Re: [PATCH v2] mm: memcontrol: fix possible memcg leak due to interrupted reclaim

linux-mm.kvack.org archive mirror
 help / color / mirror / Atom feed

From: Johannes Weiner <hannes@cmpxchg.org>
To: Vladimir Davydov <vdavydov@virtuozzo.com>
Cc: Andrew Morton <akpm@linux-foundation.org>,
	stable@vger.kernel.org, Michal Hocko <mhocko@kernel.org>,
	linux-mm@kvack.org, linux-kernel@vger.kernel.org
Subject: Re: [PATCH v2] mm: memcontrol: fix possible memcg leak due to interrupted reclaim
Date: Fri, 18 Dec 2015 11:00:41 -0500	[thread overview]
Message-ID: <20151218160041.GA4201@cmpxchg.org> (raw)
In-Reply-To: <20151218153202.GS28521@esperanza>

On Fri, Dec 18, 2015 at 06:32:02PM +0300, Vladimir Davydov wrote:
> On Thu, Dec 17, 2015 at 03:02:17PM -0800, Andrew Morton wrote:
> > On Tue, 15 Dec 2015 15:31:37 +0300 Vladimir Davydov <vdavydov@virtuozzo.com> wrote:
> > > @@ -859,14 +859,20 @@ struct mem_cgroup *mem_cgroup_iter(struct mem_cgroup *root,
> > >  		if (prev && reclaim->generation != iter->generation)
> > >  			goto out_unlock;
> > >  
> > > -		do {
> > > +		while (1) {
> > >  			pos = READ_ONCE(iter->position);
> > > +			if (!pos || css_tryget(&pos->css))
> > > +				break;
> > >  			/*
> > > -			 * A racing update may change the position and
> > > -			 * put the last reference, hence css_tryget(),
> > > -			 * or retry to see the updated position.
> > > +			 * css reference reached zero, so iter->position will
> > > +			 * be cleared by ->css_released. However, we should not
> > > +			 * rely on this happening soon, because ->css_released
> > > +			 * is called from a work queue, and by busy-waiting we
> > > +			 * might block it. So we clear iter->position right
> > > +			 * away.
> > >  			 */
> > > -		} while (pos && !css_tryget(&pos->css));
> > > +			cmpxchg(&iter->position, pos, NULL);
> > > +		}
> > 
> > It's peculiar to use cmpxchg() without actually checking that it did
> > anything.  Should we use xchg() here?  And why aren't we using plain
> > old "=", come to that?
> 
> Well, it's obvious why we need the 'compare' part - the iter could have
> been already advanced by a competing process, in which case we shouldn't
> touch it, otherwise we would reclaim some cgroup twice during the same
> reclaim generation. However, it's not that clear why it must be atomic.
> Before this patch, atomicity was necessary to guarantee that we adjust
> the reference counters correctly, but now we don't do it anymore. If a
> competing process happens to update iter->position between the compare
> and set steps, we might reclaim from the same cgroup twice at worst, and
> this extremely unlikely to happen.
> 
> So I think we can replace the atomic operation with a non-atomic one,
> like the patch below does. Any objections?

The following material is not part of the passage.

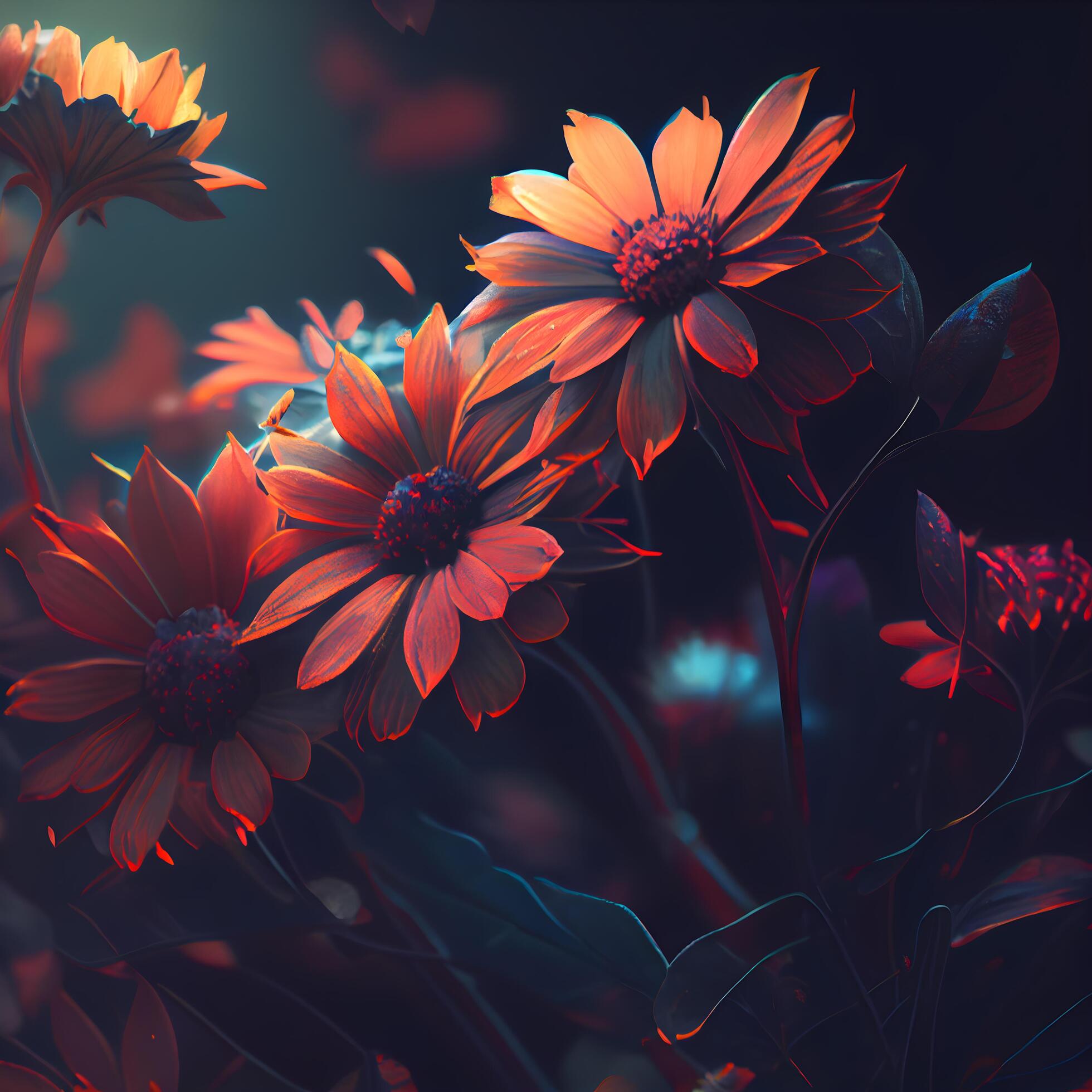 Beautiful red flowers on a dark background, toned image., Image Stock Free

I don't think the race window is actually that small and reclaiming a
group twice could cause sporadic latency issues in the victim group.
Think about the group not just trimming caches but already swapping.

The cmpxchg()s without checking the return values look odd without a
comment, but that doesn't mean that they're wrong in this situation:
advance the iterator from what we think is the current position, and
don't if somebody beat us to that. That's what cmpxchg() does. So I'd
rather we kept them here.

> @@ -902,7 +903,15 @@ struct mem_cgroup *mem_cgroup_iter(struct mem_cgroup *root,
>  	}
>  
>  	if (reclaim) {
> -		cmpxchg(&iter->position, pos, memcg);
> +		/*
> +		 * The position could have already been updated by a competing
> +		 * thread, so check that the value hasn't changed since we read
> +		 * it. This operation doesn't need to be atomic, because a race
> +		 * is extremely unlikely and in the worst case can only result
> +		 * in the same cgroup reclaimed twice.

But it would be good to add the first half of that comment to the
cmpxchg to explain why we don't have to check the return value.

--
To unsubscribe, send a message with 'unsubscribe linux-mm' in
the body to majordomo@kvack.org.  For more info on Linux MM,
see: http://www.linux-mm.org/ .
Don't email: <a href=mailto:"dont@kvack.org"> email@kvack.org </a>

next prev parent reply	other threads:[~2015-12-18 16:00 UTC|newest]

Thread overview: 9+ messages / expand[flat|nested]  mbox.gz  Atom feed  top
2015-12-15 12:31 Vladimir Davydov
2015-12-15 14:53 ` Johannes Weiner
2015-12-17 23:02 ` Andrew Morton
2015-12-18 15:32   ` Vladimir Davydov
2015-12-18 16:00     ` Johannes Weiner [this message]
2015-12-18 16:24       ` Vladimir Davydov
2015-12-18 22:40         ` Andrew Morton
2015-12-19  8:51           ` Vladimir Davydov
2015-12-23 22:19 ` Johannes Weiner

Reply instructions:

You may reply publicly to this message via plain-text email
using any one of the following methods:

* Save the following mbox file, import it into your mail client,
  and reply-to-all from there: mbox

  Avoid top-posting and favor interleaved quoting:
  https://en.wikipedia.org/wiki/Posting_style#Interleaved_style

* Reply using the --to, --cc, and --in-reply-to
  switches of git-send-email(1):

  git send-email \
    --in-reply-to=20151218160041.GA4201@cmpxchg.org \
    --to=hannes@cmpxchg.org \
    --cc=akpm@linux-foundation.org \
    --cc=linux-kernel@vger.kernel.org \
    --cc=linux-mm@kvack.org \
    --cc=mhocko@kernel.org \
    --cc=stable@vger.kernel.org \
    --cc=vdavydov@virtuozzo.com \
    /path/to/YOUR_REPLY

  https://kernel.org/pub/software/scm/git/docs/git-send-email.html

* If your mail client supports setting the In-Reply-To header
  via mailto: links, try the mailto: link

Be sure your reply has a Subject: header at the top and a blank line before the message body.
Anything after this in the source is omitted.